Required action: Look for the line containing "Thumbnail image of" and the line containing "Puding Ruwok" in the entries below. Copy those two and all lines between them exactly, leaving out pictures.

Records shown:

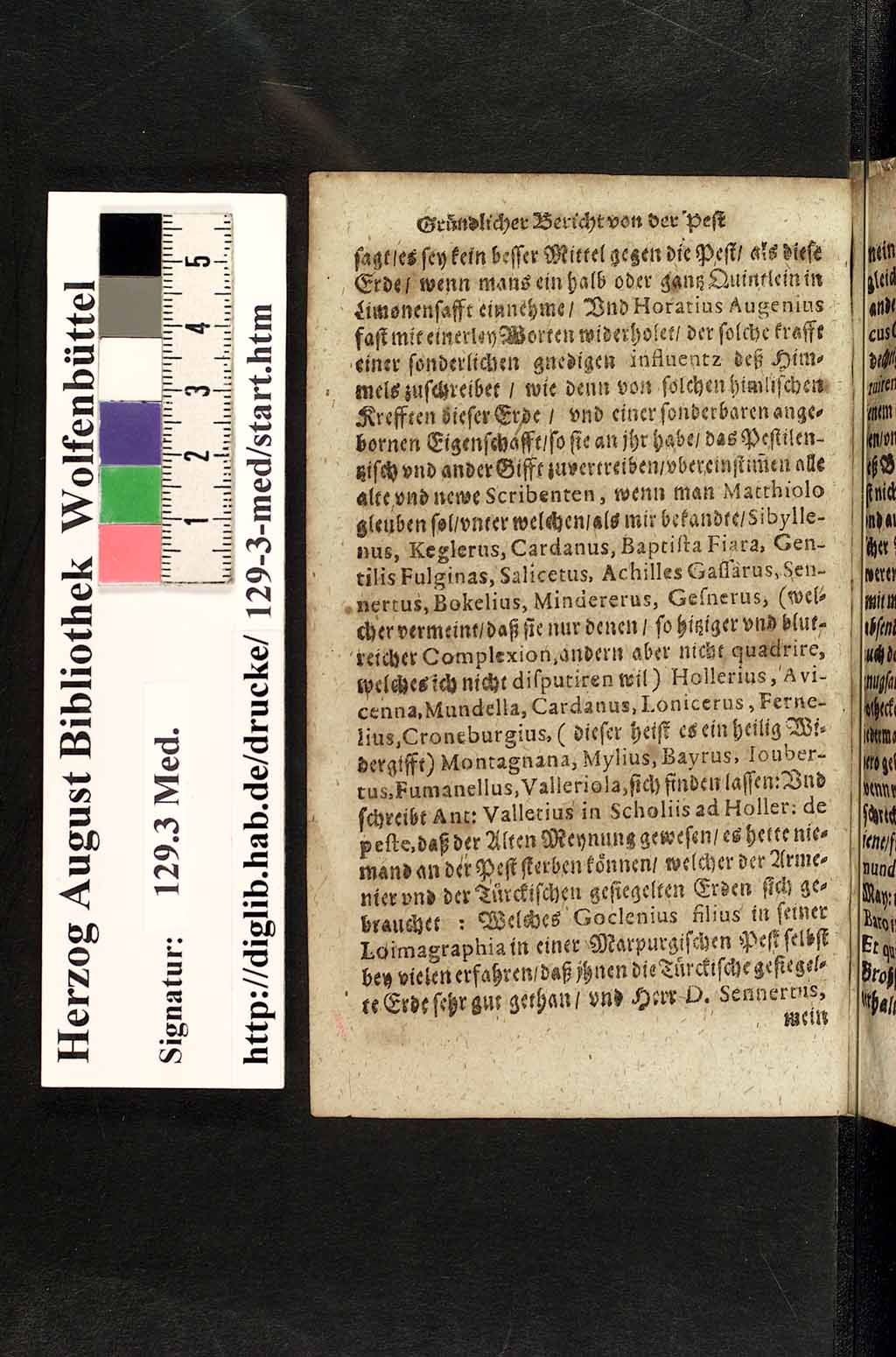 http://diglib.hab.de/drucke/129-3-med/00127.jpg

==

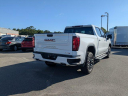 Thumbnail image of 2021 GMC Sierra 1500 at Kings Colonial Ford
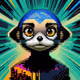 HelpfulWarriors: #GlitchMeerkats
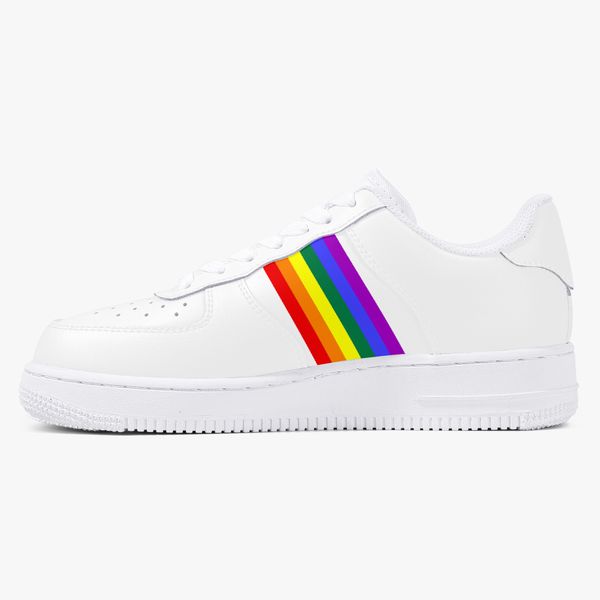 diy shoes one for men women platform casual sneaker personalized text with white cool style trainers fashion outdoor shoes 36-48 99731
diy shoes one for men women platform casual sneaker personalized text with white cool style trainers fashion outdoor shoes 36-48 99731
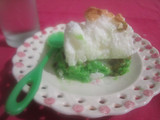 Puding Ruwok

* * *

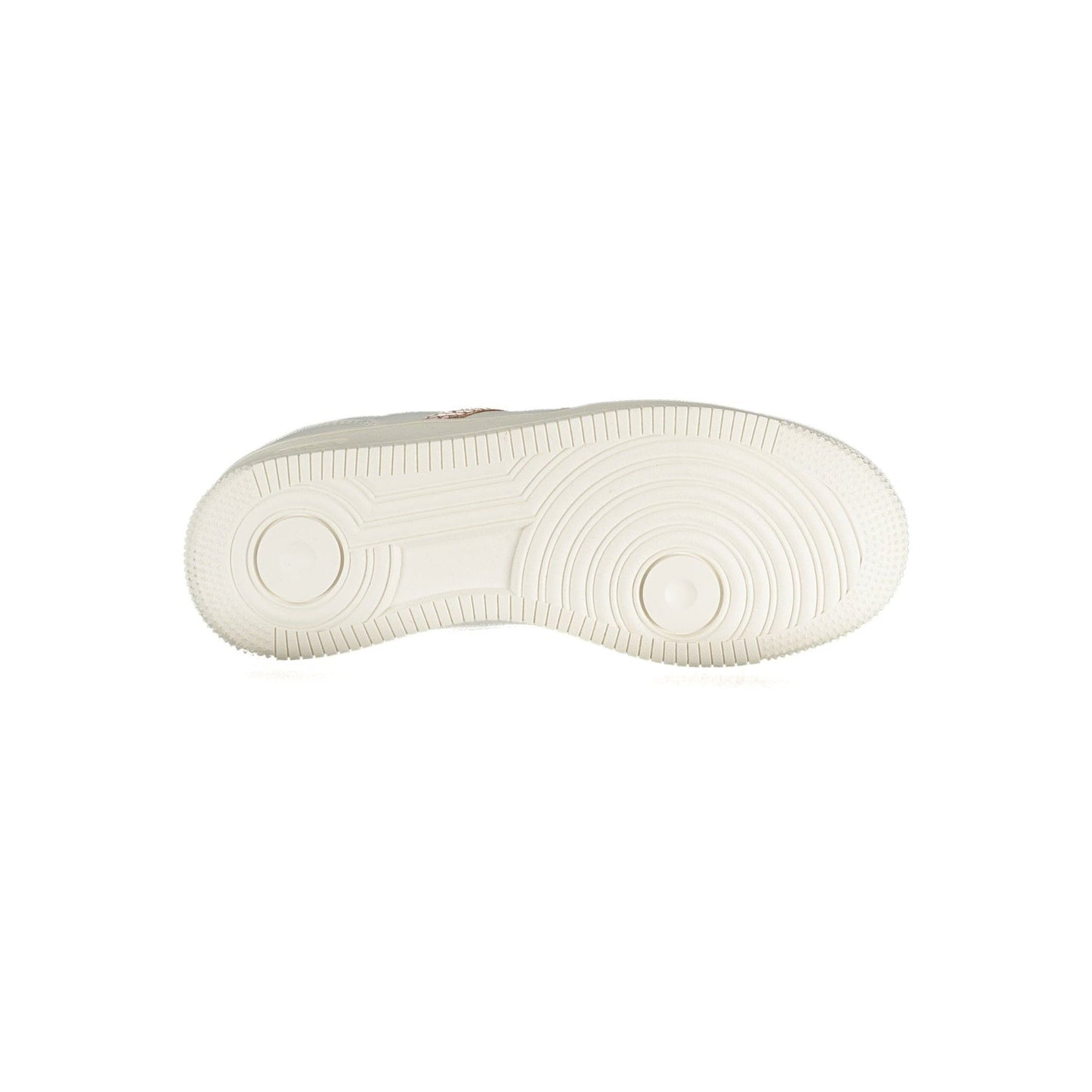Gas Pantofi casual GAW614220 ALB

Written answer:
 Thumbnail image of 2021 GMC Sierra 1500 at Kings Colonial Ford
 HelpfulWarriors: #GlitchMeerkats
 diy shoes one for men women platform casual sneaker personalized text with white cool style trainers fashion outdoor shoes 36-48 99731
diy shoes one for men women platform casual sneaker personalized text with white cool style trainers fashion outdoor shoes 36-48 99731
 Puding Ruwok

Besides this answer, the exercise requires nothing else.